Nella Grande Sala del Popolo, dove si svolgono i lavori dell’Assemblea nazionale, il massimo organo legislativo della Repubblica Popolare cinese, è il premier uscente, Li Keqiang, a inaugurare la sessione che terminerà il 13 marzo e che darà risposte sulla strada che la Cina ha intenzione di intraprendere in questo 2023 e nel quinquennio a venire.
Li annuncia subito il dato più atteso: quello sulla crescita economica. Pechino opta per la via della prudenza indicando un valore di circa il 5%. È un dato sotto le aspettative, ma che, se raggiunto, sarà superiore rispetto al risultato del 2022 quando la Cina crebbe del 3%: uno dei risultati peggiori degli ultimi decenni, a causa delle continue chiusure per il Covid, della crisi immobiliare e dell'indebitamento della domanda interna.
L’altro dato rilevante riguarda l’aumento - per l’ottavo anno consecutivo - del 7,2% dei fondi per la difesa per il 2023, in leggero aumento rispetto al 7,1% del 2022. In numeri assoluti l’impegno è di circa 225 miliardi di dollari.
Il bilancio ufficiale della Cina potrebbe essere in realtà sottostimato. L’Istituto internazionale di ricerca sulla pace di Stoccolma ha valutato in quasi 300 miliardi di dollari la spesa che la Cina ha sostenuto per le sue forze armate nel 2021. Il budget cinese resta in ogni caso ben lontano da quello degli Stati Uniti, che aumenteranno la loro spesa a 816,7 mld in questo 2023.

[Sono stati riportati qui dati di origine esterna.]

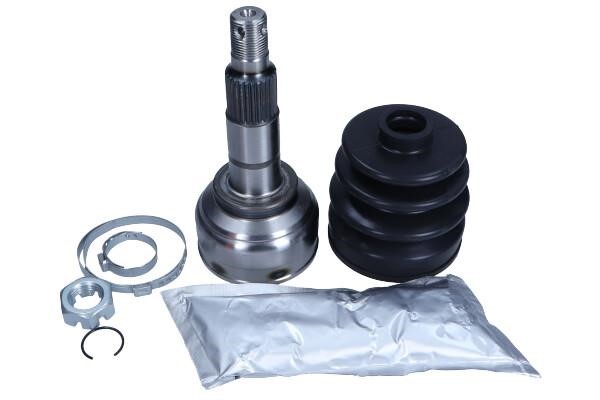 Maxgear 49-1595 Joint Kit, drive shaft 491595: Buy near me in Poland at 2407.PL - Good price!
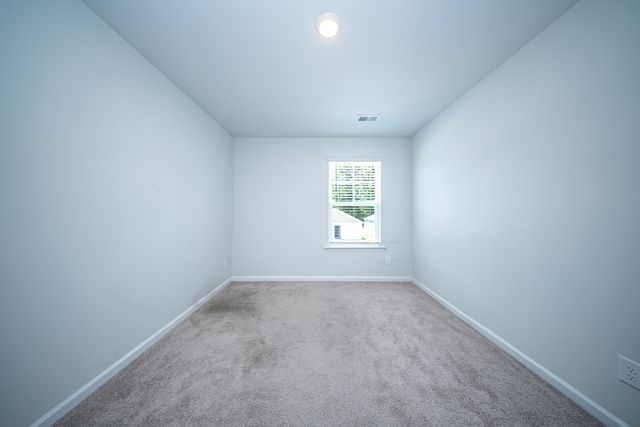 212 Coral Sunset Way, Summerville, SC 29486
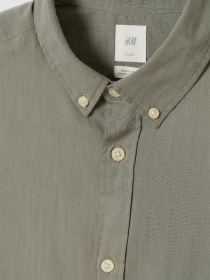 Рубашки H&M модель 48059 Фото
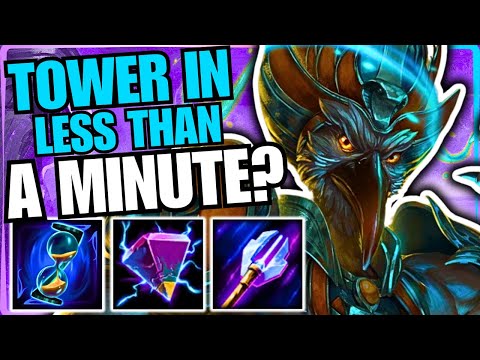 45 KILLS UNDER 10 MINUTES! SMITE - ASSAULT MADNESS WITH THE SQUAD!  THOTH GAMEPLAY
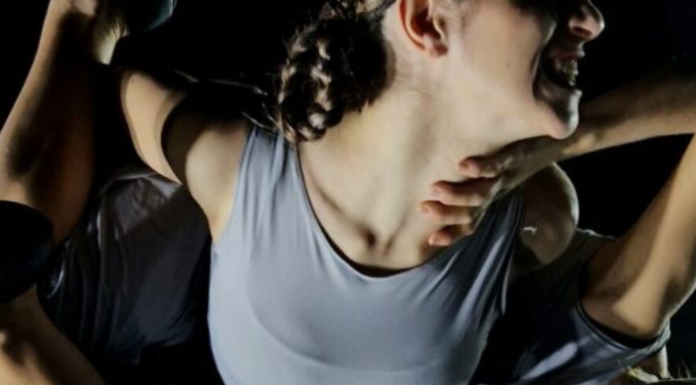 Merate, rassegna “Racconti d’inverno”. Teatro per famiglie e bambini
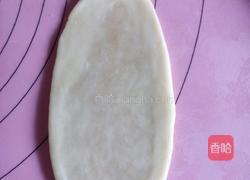 酥皮月饼的做法图解9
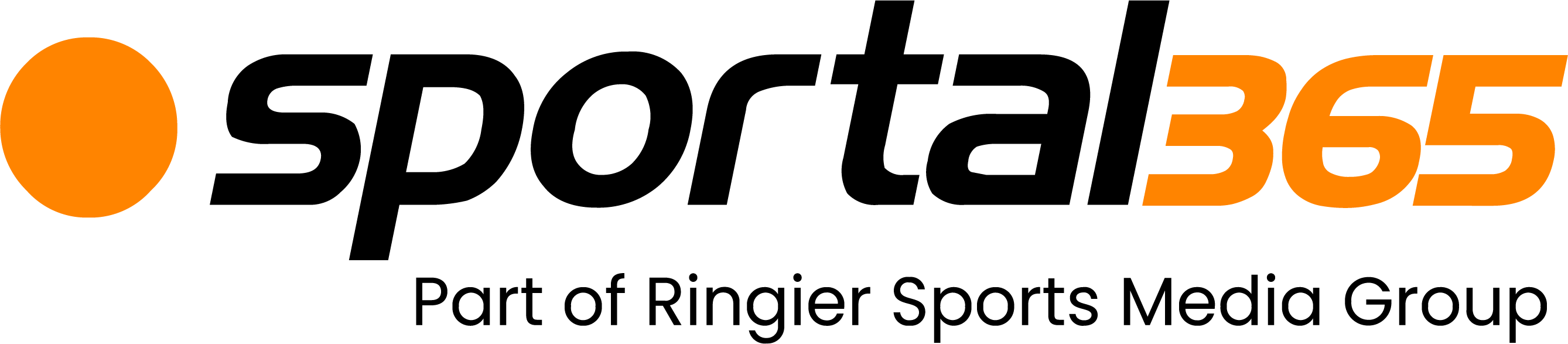 Sportal365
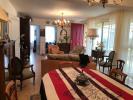 Annonce Vente 4 pièces Appartement Saint-gilles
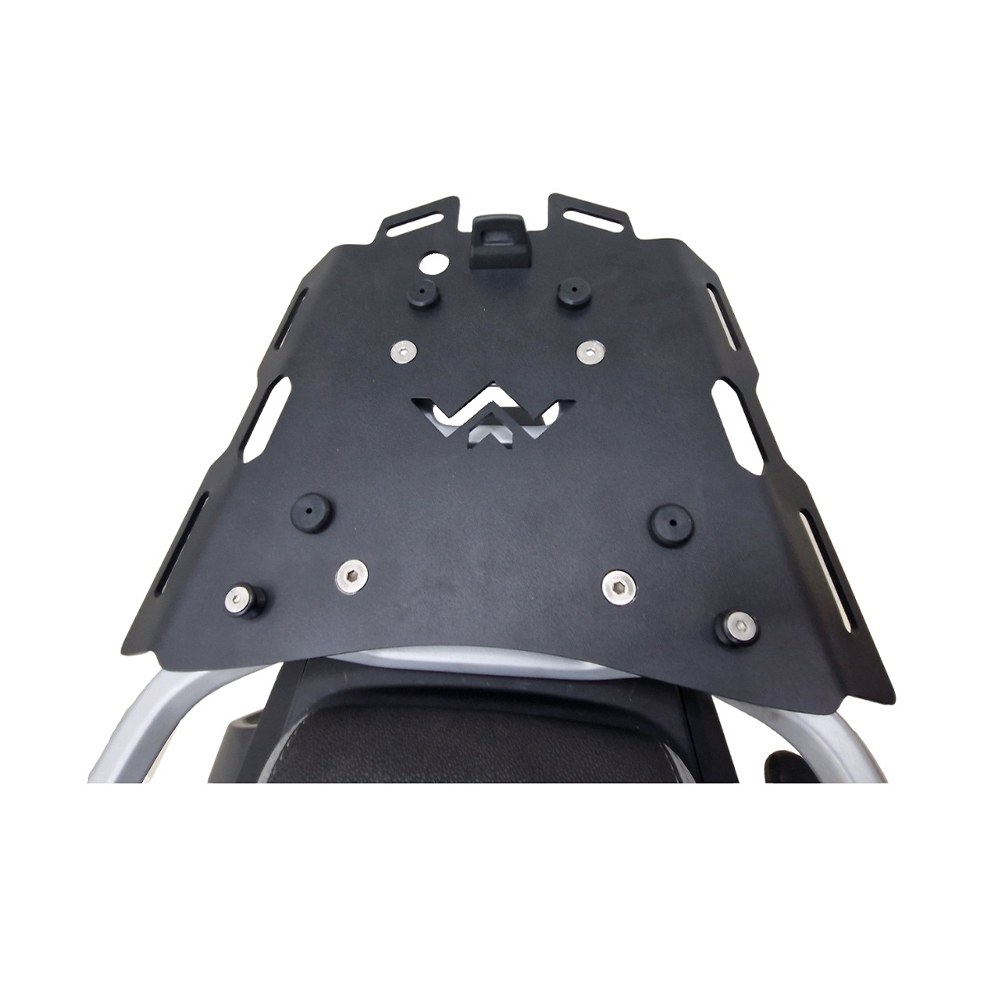 Φωτογραφία προϊόντος: COSMOACCESSORIES ΣΧΑΡΑ ΓΙΑ CFMOTO 450MT '23-'25 800.2819 | COSMO ACCESSORIES
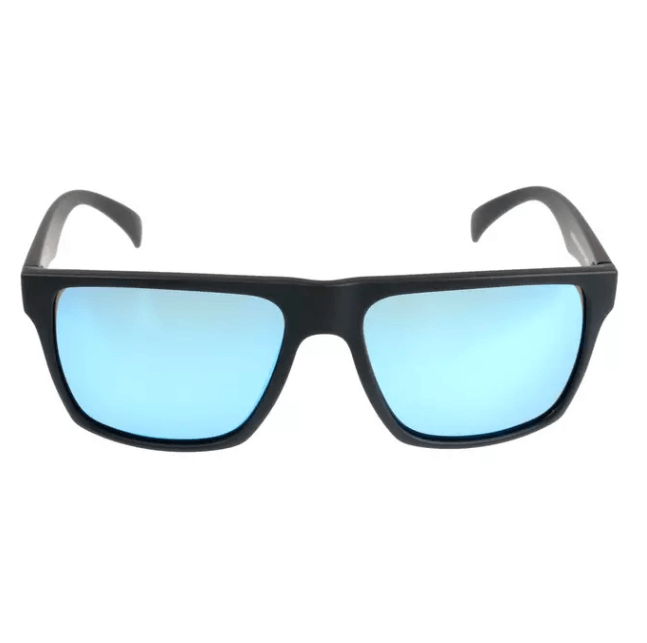 Range Polarized Sunglasses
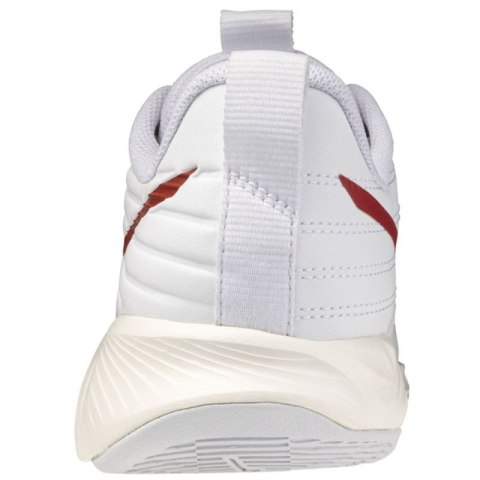 Buty Mizuno WAVE MOMENTUM PRO W V1GC254073 Mizuno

Ma per far girare il motore della seconda economia al mondo, Pechino avrà più bisogno di carbone. Secondo i dati del National Bureau of Statistics, la Cina ha fatto affidamento sulla fonte fossile più sporca per generare il 56,2% della sua elettricità l’anno scorso.
C’è, infine, il nodo Taiwan. Il governo deve promuovere lo sviluppo pacifico delle relazioni e portare avanti un processo di “riunificazione pacifica”, afferma Li. Aggiungendo che la Cina adotterà misure risolute per “opporsi all’indipendenza di Taiwan” e promuovere la riunificazione.